Le decisioni della Fed non impattano soltanto sull’economia statunitense, ma anche, ovviamente, sull’eurozona, rimasta a guardare dalla finestra la fine del Qe americano. La domanda è: cosa farà adesso la Bce? Il prossimo vertice della Banca centrale europea è fissato per giovedì 6 novembre.
Fine del Qe
Ieri si è conclusa un’epoca, durata sei anni, in cui la Fed ha lanciato ben 3 quantitative esasing, programmi di acquisto bond e titoli di Stato. Dal novembre 2008 ad oggi la banca centrale americana ha accumulato un portafoglio titoli valutabile in circa 4mila miliardi di dollari.
La Fed è giunta alla decisione di chiudere i rubinetti alla luce di "un sostanziale miglioramento nell’outlook del mercato del lavoro dall’inizio dell’attuale programma di acquisto di asset". L’economia statunitense mostra, secondo i vertici della sua banca centrale, "sufficiente forza per sostenere progressi verso la massima occupazione nel contesto di una stabilità dei prezzi". Si considera "relativamente diminuita" la probabilità di un’inflazione "persistentemente sotto il 2%" sintomo di fragilità della crescita.
Ora il mercato attende di sapere le prossime mosse sui tassi di interesse. Secondo gli analisti alcune risposte arriveranno già dal vertice di dicembre, quando è in programma la conferenza stampa del governatore Janet Yellen. Il rialzo dei tassi interbancari, ora tra la 0 e lo 0,25%, è ipotizzabile a partire dalla metà del 2015.
Cosa farà la Bce?
Il prossimo vertice della Bce è fissato, come sempre, per il primo giovedì del mese, il 6 novembre.
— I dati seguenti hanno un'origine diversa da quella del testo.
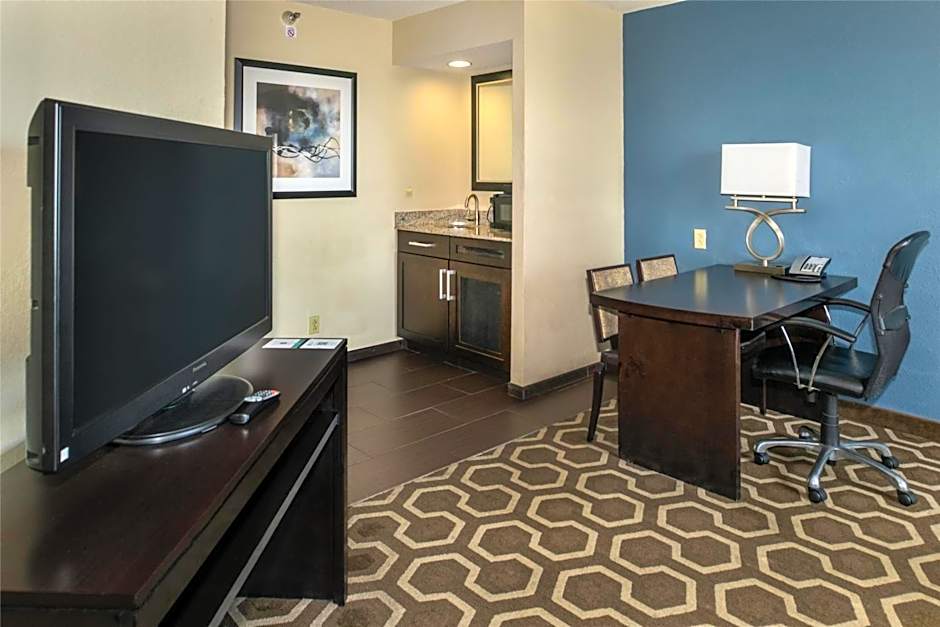 Embassy Suites By Hilton Hotel St. Louis-Airport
Sul tavolo di Draghi ci sono sostanzialmente due strade: prendere in consegna il testimone lasciato dalla Fed e lanciare il primo Qe europeo; oppure, considerare la fine del Qe statunitense un buon motivo per non lanciare il Qe nell’Eurozona.
Stimare l’effetto dalla fine del Qe sull’economia europea non è facile. Ma l’obiettivo di Mario Draghi è di rilanciare la crescita e riportare l’inflazione intorno al 2%. Per farlo la via principale è il deprezzamento del cambio euro-dollaro. La fine del Qe potrebbe comportare un rialzo dei tassi negli Usa, con il rischio di un prematuro rialzo dei tassi di interesse anche in Europa.
La Bce dovrebbe fare in modo che il deprezzamento dell’euro non avvenga per l’instabilità dell’economia dell’Europa, ma grazie a politiche volte a stabilizzarla evitando ai tassi europei di essere trainati al rialzo da quelli americani. Una strada da seguire potrebbe essere proprio quella Qe: acquistare titoli dalle banche, anche quelli in dollari e punire chi continua a depositare soldi alla Bce, costringendo di fatto le banche a iniettare la liquidità nell’economia reale. Per mettere in campo politiche espansive non convenzionali però, Draghi dovrà fare i conti con i falchi europei, da sempre contrari a soluzioni di questo genere.